Before I attended the conference, I quickly typed on my phone all the possible side-effects and illnesses of all forms of abuse in childhood, especially child sexual abuse, and I felt overwhelmed by the amount of things to write, as the implications of such abuse, especially when it is topped by religious-based abuse and victim blaming culture, is manifold. Post-Traumatic Stress Disorder and Complex-Post Traumatic Disorder are two disorders that came to mind when I was at the conference and listening to other people ask questions about ‘what to do’ about this societal poison called sexual abuse of children, and I thought about a book called ‘The Body Keeps a Score’ by Bessel Van Der Kolk, which explains and exemplifies how trauma stores and lodges in our bodies, causing us to feel the emotional scars and pain as a very physical experience. Thus, it makes me wonder how a religious community which values obligatory ablution, prayer and supplication which are very spiritual and physical practices that activate the body and soul, does not focus on this issue as much, even though yet sexual abuse can scar and damage our spirit and body. This is also why I felt like having that conference at a mosque, where you could feel the presence of an omnipresent God and whispers of worship, to be so crucial and appropriate. It is further crucial, that places of worship and religious schools provide safe spaces for people and especially children, as it is a moral duty and particularly since spiritual healing could facilitate the recovery process for sexual abuse survivors. 

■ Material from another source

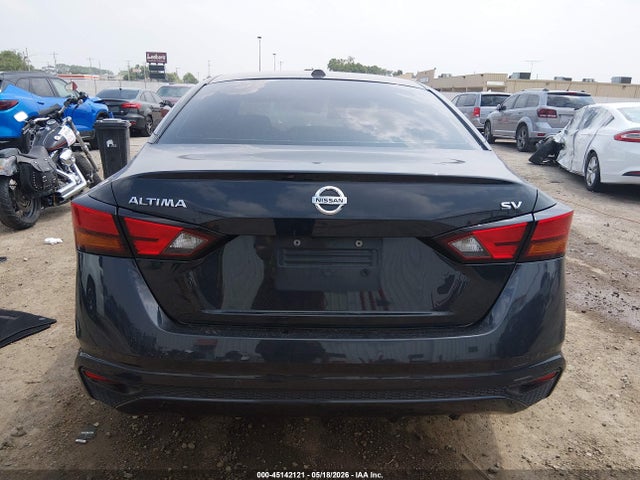1N4BL4DV2MN387517 Nissan Altima Sv Fwd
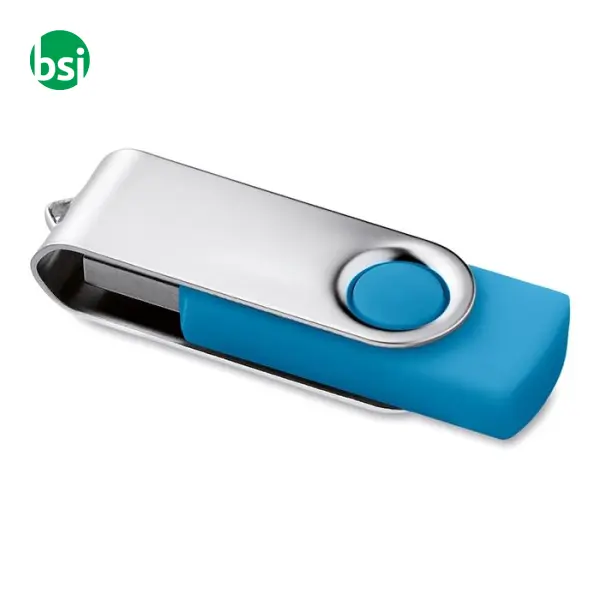 USB 64GB Chiavetta USB Promozionale - Twister -  17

Another product of abuse is that it breaks bonds between people in the community, as men become viewed with suspicion and may overly police themselves in innocent situations, and young girls and women lose their ability to trust. This was also a point raised by one of the audience members, who expressed caution while interacting with children, for fear of being unjustly accused.


We want mosques and Madrasas to be a place of prayer, not for preying. In the words of one of the panel members, you can be religiously conservative and still talk about sex, as this will preserve the sacred nature of our institutions by preventing the abuse of sexual wellbeing. Ensuring that consent is well taught and respected and that victims are believed, rather than blamed, and that public authorities are trusted to help deliver justice is important.